PBS has hired a Hispanic documentarian to assist filmmaker Ken Burns with his upcoming World War II series, which had drawn complaints for failing to include the contributions of Hispanics.
Hector Galan, a film and television producer from Austin, Texas, will be brought in to assist Burns with the 14-hour series, which has already been produced and is scheduled for release in September.
Burns and PBS President Paula Kerger announced Galan’s hiring during a private meeting at a Washington hotel Tuesday with members of various Hispanic groups, members of Congress and other public television officials. Galan also attended the meeting.
Darting into an elevator afterward, Burns said: “I feel like we listened, had a fair exchange and are moving to a win-win, positive solution to the problem.”
“It’s fantastic,” said Galan, who produced the 1996 series “Chicano! History of the Mexican American Civil Rights Movement” for PBS.
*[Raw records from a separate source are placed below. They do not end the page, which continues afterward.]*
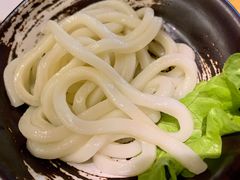 -丽和苑·自助寿喜锅(虹梅路店)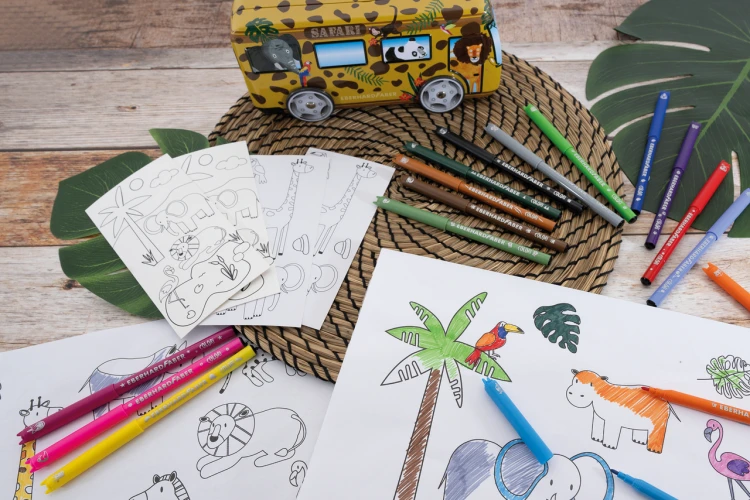 Milieubild_Safari_Bus_Milieu_1_PS_Office.jpg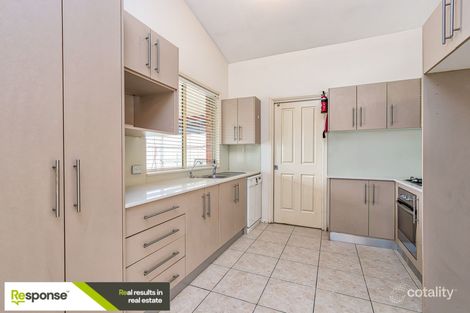 Property photo of 5B Alexandra Place Glendenning NSW 2761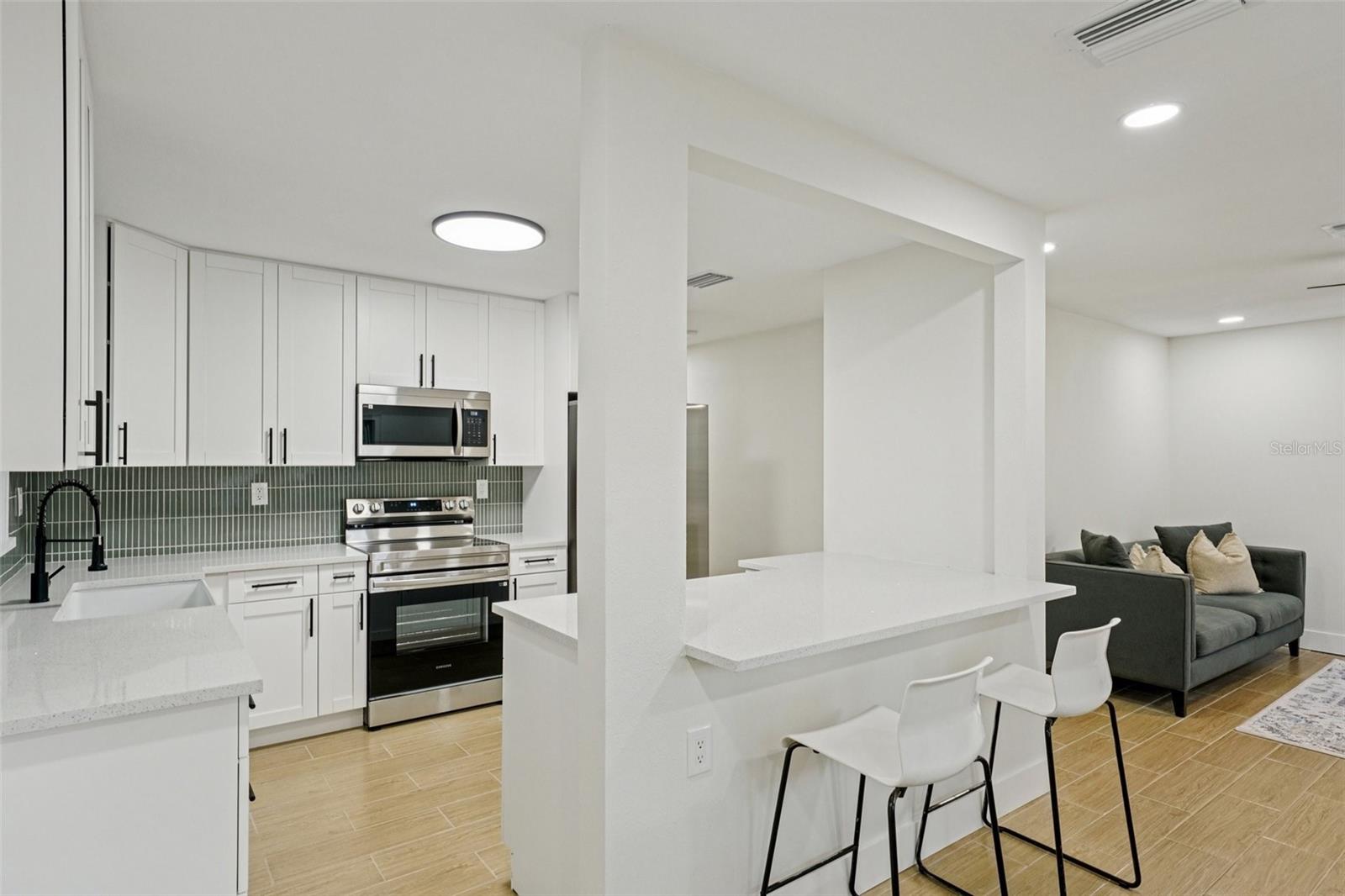 Image 28 of 51 For 1509 Washington Avenue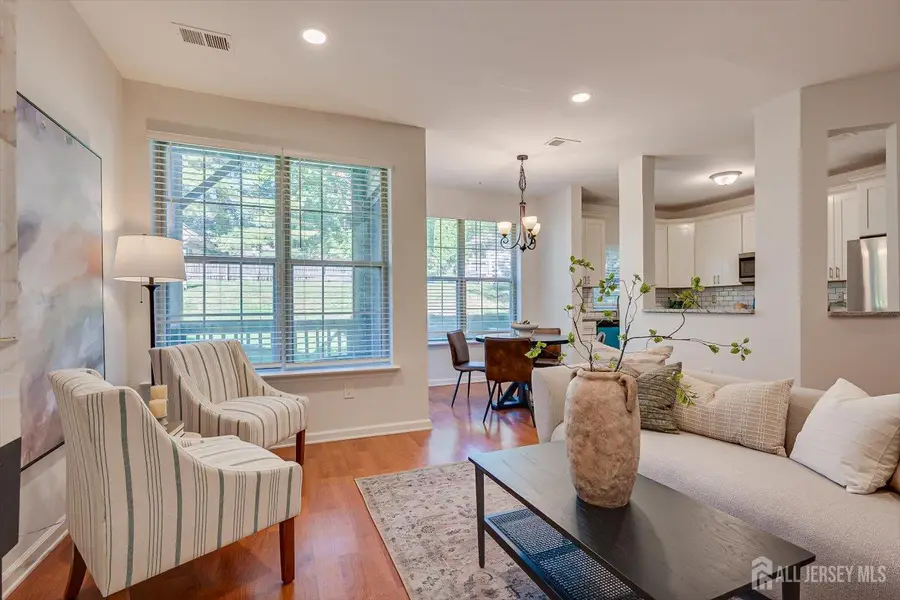 -3151 Cypress Court, Heathcote, NJ 08852 - #3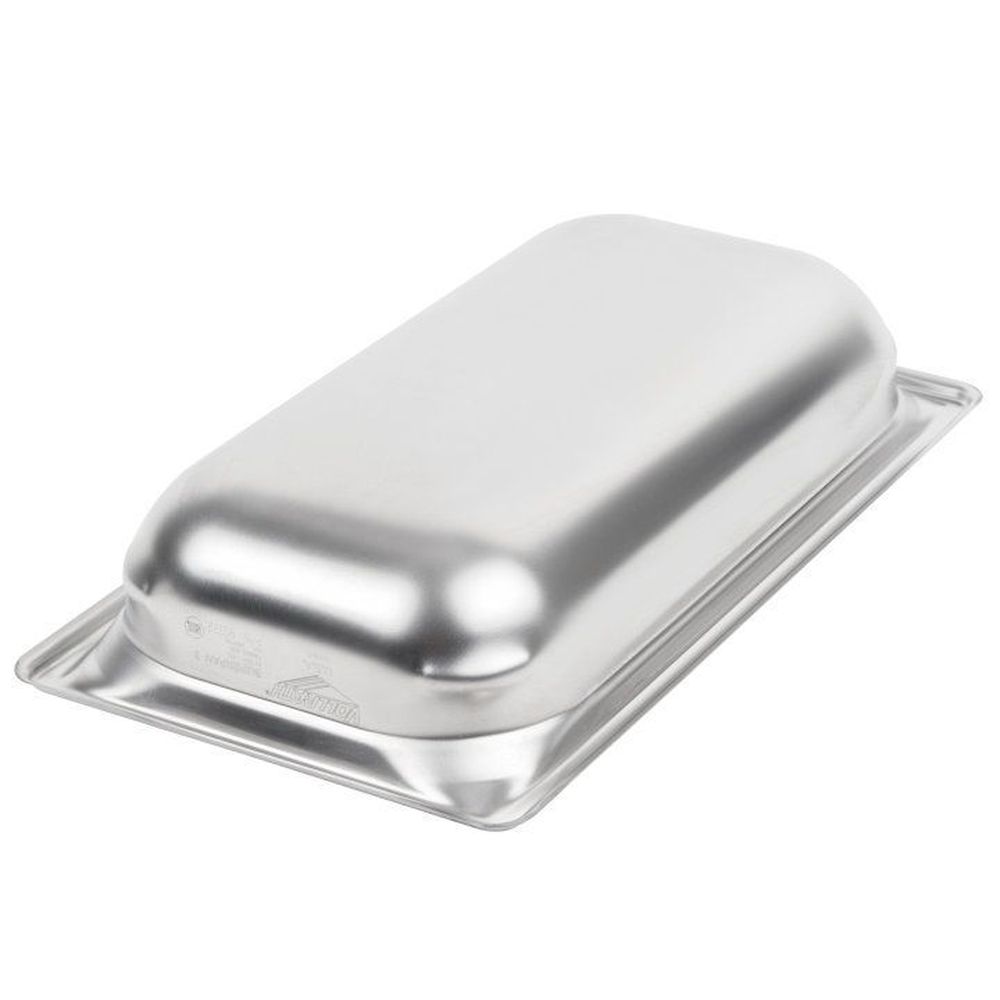 Product gallery 697448022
Hispanic groups protested that oversight, and asked that the film and educational materials be redone to add the stories of Hispanic veterans. PBS agreed to some of the requests last week.
About half a million Hispanics are believed to have fought in the war, and 15 were Medal of Honor winners.
Burns’ series, made over six years, tells the story of the war through people from four communities — Waterbury, Conn.; Mobile, Ala.; Sacramento, Calif.; and Luverne, Minn. The film’s co-producer is Lynn Novick.
Galan said he is putting aside work on another film on Latin rhythms to work with Burns. He described himself as a World War II buff whose father served in the war as a member of the Army Corps of Engineers.